_Given information_:
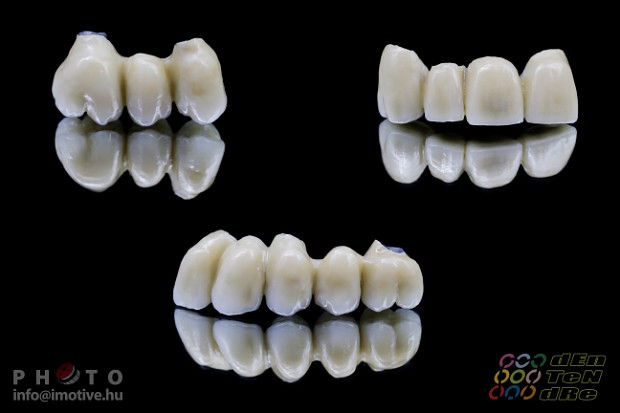 Upper and lower long-span PBC bridges on implants.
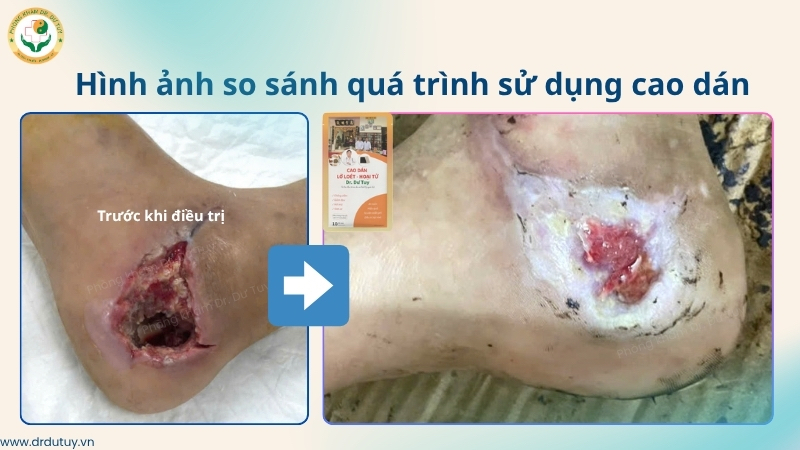 so sánh vết thương gót chân trước và sau khi dùng cao dán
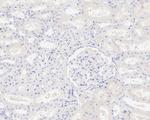 CXCL13 Antibody in Immunohistochemistry (Paraffin) (IHC (P))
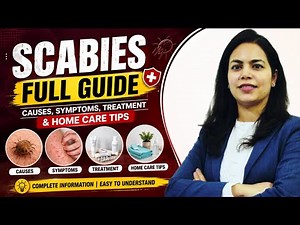Scabies Full Guide | Causes, Symptoms, Treatment & Home Care Tips | Dr. Rashmi Jindal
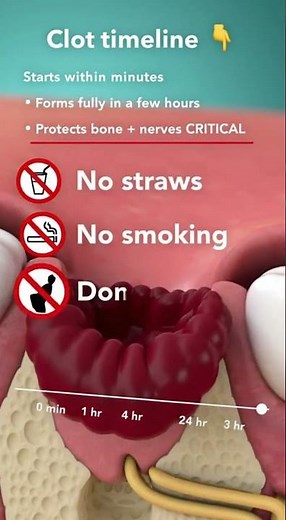 🩸 When does the blood clot form after a tooth extraction? Faster than you think.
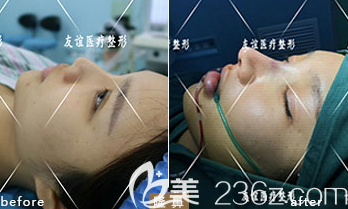 德州友谊隆鼻案例4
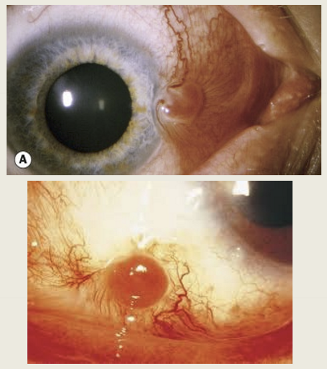 <ul><li><p>Dark pink fleshy conjunctival mass</p></li><li><p>mass tends to be rapidly trowing</p></li><li><p>has more BV than pterygium </p></li></ul><p></p>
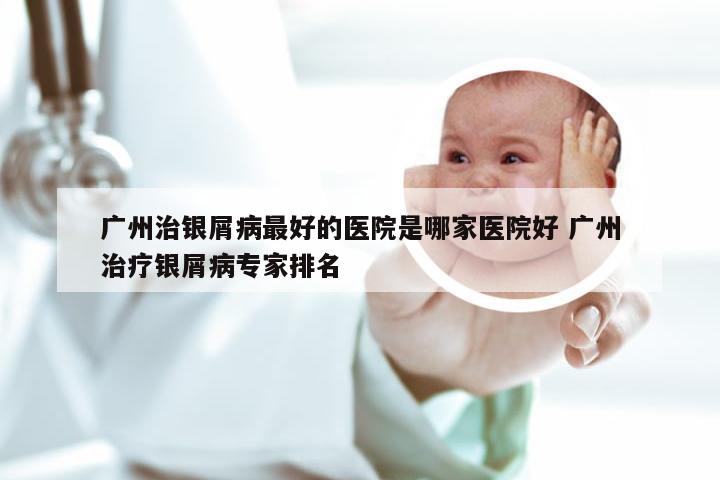 广州治银屑病最好的医院是哪家医院好 广州治疗银屑病专家排名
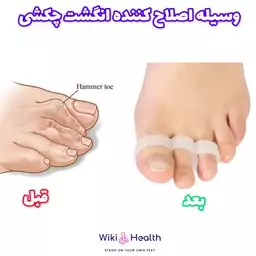 وسیله اصلاح کننده انگشت چکشی پا  (hammer toe) (طب و صنعت) (ویکی هلث)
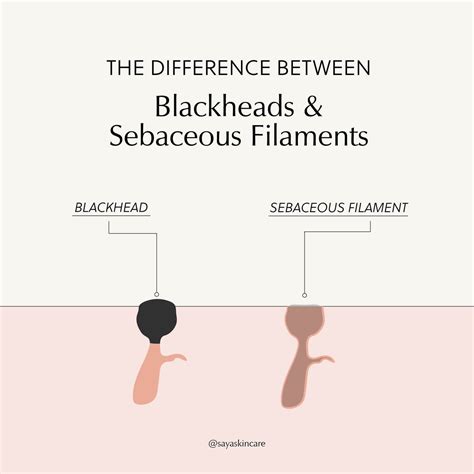Sebaceous Filaments vs Blackheads | Saya Skincare | Saya®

_Work order_:
Once the pictures are set aside, output all of the data above verbatim.

_Result_:
 Upper and lower long-span PBC bridges on implants.
 so sánh vết thương gót chân trước và sau khi dùng cao dán
 CXCL13 Antibody in Immunohistochemistry (Paraffin) (IHC (P))
Scabies Full Guide | Causes, Symptoms, Treatment & Home Care Tips | Dr. Rashmi Jindal
 🩸 When does the blood clot form after a tooth extraction? Faster than you think.
 德州友谊隆鼻案例4
 <ul><li><p>Dark pink fleshy conjunctival mass</p></li><li><p>mass tends to be rapidly trowing</p></li><li><p>has more BV than pterygium </p></li></ul><p></p>
 广州治银屑病最好的医院是哪家医院好 广州治疗银屑病专家排名
 وسیله اصلاح کننده انگشت چکشی پا  (hammer toe) (طب و صنعت) (ویکی هلث)
Sebaceous Filaments vs Blackheads | Saya Skincare | Saya®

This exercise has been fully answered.